In service of keeping things light, the court of Duke Frederick (Embrey) was not the oppressive, authoritarian regime of so many productions, but in many ways indistinguishable from the Forest of Arden. Partly as a result of the extensive doubling with a seven-person cast, the space between court and forest was heavily elided, and people seemed to enjoy freedoms and experience hardships in both worlds. The main concession to Frederick’s authority was an embroidered ‘F’ on many of the otherwise individualized costumes, but it was left to Embrey to utilize his powerful presence and sonorous voice to impose Frederick’s harsher pronouncements, his anger emerging from within his body rather than from the outward trappings of power.
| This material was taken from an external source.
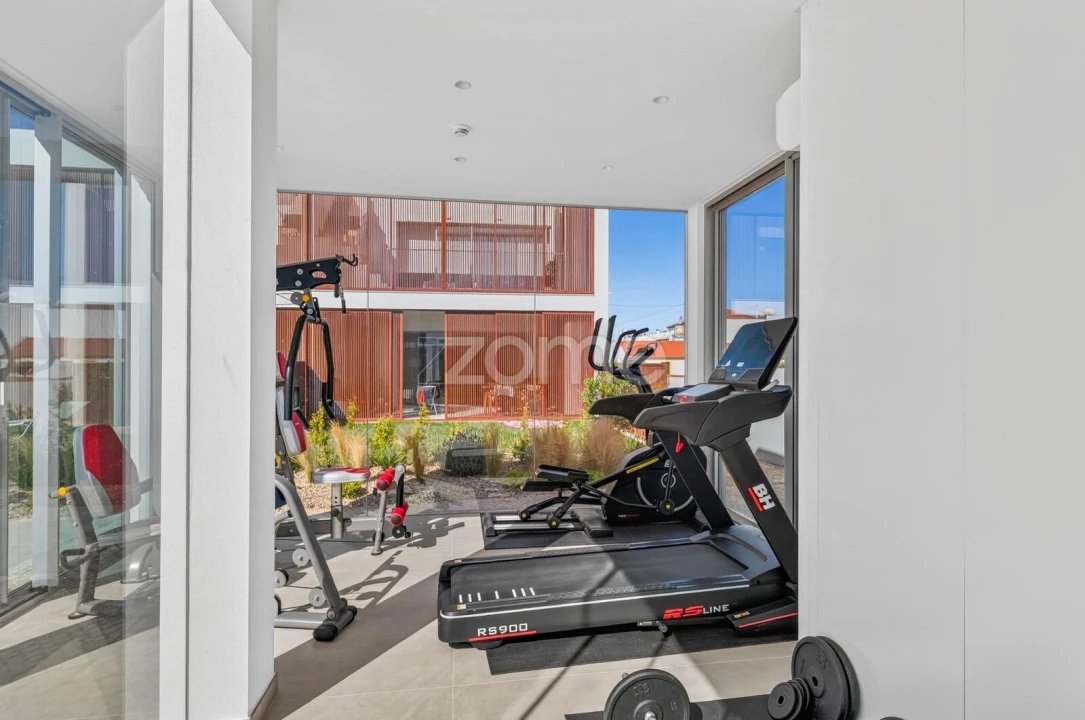 Apartamento T2 para Venda em Luz Foto 32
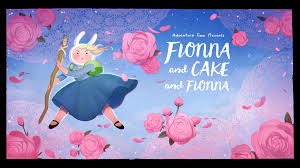 Come Along With Me And The Butterflies And Bees In Honour Of Adventure Time S Series Finale I Present Every Title Card Of Every Episode Come Alo Title Card Watch Adventure Time Adventure Time Series Finale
Similarly, Oliver (Michael Manocchio) was relaxed in pastels and shorts, even while giving a hoe to his younger brother to get him back to work after Orlando had joined in the pre-show rendition of Taylor Swift’s ‘Bad Blood’. Oliver felt he was a more formidable presence than he was, stepping up to his little brother as if prepared to fight him before having his arm twisted behind his back. The threats of this court were obstacles to those dependent on them, but the obstacles were temporary, not existential.
This sense of contained stakes aligned with the dominant aesthetic of the production, which evoked 90s teen comedy, most overtly Clueless in Rosalind’s (Constance Swain) plaid skirt, Celia’s (Ross) Hello Kitty t-shirt, and the teeny backpacks that both sported. The evocation of a genre whose stakes are domestic – girls working out how to defy their dads and get the boys – enabled the production to foreground its female-identifying heroines and their self-actualization as the core plot. It also, interestingly, meant that even though two of the production’s couples were played by female-identifying actors (Orlando and Rosalind, and Silvius and Phebe, played by Rollison and England), the production itself felt very straight for an As You Like It; in drawing on a genre that is quite rigidly coded in its gendered stereotypes, the sight of two women kissing one another on the stage was inevitably filtered through the heteronormative stock types being evoked.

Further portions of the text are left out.